**Exercise goal**. Below are records; copy every line among them that contains the word "comprensión".

____________

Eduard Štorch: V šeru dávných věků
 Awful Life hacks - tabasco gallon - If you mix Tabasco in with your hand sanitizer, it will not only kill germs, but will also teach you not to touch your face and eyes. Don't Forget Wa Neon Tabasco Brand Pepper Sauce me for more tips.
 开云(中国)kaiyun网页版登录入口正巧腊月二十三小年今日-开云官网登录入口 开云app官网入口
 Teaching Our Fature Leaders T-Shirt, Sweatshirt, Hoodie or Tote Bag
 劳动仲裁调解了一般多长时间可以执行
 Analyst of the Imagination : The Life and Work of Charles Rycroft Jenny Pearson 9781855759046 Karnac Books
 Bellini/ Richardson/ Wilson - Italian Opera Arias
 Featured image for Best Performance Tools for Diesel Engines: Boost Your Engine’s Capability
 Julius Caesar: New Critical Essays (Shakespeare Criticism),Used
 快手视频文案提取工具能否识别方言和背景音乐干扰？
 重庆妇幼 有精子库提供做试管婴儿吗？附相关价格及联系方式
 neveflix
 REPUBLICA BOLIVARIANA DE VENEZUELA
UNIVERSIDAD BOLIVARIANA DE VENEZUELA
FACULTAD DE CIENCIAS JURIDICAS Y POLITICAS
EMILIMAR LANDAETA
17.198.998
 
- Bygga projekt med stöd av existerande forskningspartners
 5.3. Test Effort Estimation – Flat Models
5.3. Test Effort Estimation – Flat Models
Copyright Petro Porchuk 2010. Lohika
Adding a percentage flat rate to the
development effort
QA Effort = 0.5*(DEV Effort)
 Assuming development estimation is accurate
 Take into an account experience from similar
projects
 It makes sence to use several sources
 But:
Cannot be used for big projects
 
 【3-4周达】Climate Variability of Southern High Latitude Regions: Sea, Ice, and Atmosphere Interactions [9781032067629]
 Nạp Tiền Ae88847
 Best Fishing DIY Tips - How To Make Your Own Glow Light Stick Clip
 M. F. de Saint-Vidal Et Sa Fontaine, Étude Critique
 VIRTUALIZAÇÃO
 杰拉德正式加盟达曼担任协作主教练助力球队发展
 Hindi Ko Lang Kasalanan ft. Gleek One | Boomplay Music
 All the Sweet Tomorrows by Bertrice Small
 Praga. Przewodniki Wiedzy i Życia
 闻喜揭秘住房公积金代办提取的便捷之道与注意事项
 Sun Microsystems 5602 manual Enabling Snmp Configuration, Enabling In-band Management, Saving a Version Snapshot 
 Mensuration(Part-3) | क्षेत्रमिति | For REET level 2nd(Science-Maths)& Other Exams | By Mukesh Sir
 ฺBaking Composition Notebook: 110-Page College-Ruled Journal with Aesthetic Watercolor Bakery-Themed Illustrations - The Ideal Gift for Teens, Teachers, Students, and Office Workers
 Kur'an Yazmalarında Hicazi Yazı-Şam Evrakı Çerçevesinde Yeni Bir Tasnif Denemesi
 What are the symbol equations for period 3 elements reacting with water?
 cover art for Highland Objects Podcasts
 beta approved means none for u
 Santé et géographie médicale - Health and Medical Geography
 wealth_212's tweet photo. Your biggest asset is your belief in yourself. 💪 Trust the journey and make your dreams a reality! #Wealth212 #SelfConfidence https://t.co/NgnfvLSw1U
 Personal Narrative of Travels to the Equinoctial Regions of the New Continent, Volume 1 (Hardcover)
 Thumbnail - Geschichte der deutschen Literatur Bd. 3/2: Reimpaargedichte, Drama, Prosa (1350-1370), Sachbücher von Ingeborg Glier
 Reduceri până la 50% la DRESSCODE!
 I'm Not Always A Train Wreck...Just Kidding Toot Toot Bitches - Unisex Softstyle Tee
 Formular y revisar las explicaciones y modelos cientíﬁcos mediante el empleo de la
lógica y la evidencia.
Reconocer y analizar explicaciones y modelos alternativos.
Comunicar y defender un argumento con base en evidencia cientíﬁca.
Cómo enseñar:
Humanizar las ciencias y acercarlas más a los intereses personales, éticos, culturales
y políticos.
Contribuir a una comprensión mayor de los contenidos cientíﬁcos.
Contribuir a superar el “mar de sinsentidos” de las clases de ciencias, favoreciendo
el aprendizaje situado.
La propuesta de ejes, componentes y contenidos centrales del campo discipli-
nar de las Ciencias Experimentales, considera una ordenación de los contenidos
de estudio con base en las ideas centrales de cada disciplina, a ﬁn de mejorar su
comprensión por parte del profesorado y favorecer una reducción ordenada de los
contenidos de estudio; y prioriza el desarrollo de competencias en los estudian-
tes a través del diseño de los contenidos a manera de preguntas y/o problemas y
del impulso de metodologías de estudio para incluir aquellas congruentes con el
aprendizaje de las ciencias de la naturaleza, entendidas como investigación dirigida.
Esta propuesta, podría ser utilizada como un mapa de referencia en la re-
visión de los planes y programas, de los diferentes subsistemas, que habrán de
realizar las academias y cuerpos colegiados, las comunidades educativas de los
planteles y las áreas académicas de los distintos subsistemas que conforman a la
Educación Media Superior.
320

____________

**Exercise output**.
Contribuir a una comprensión mayor de los contenidos cientíﬁcos.
comprensión por parte del profesorado y favorecer una reducción ordenada de los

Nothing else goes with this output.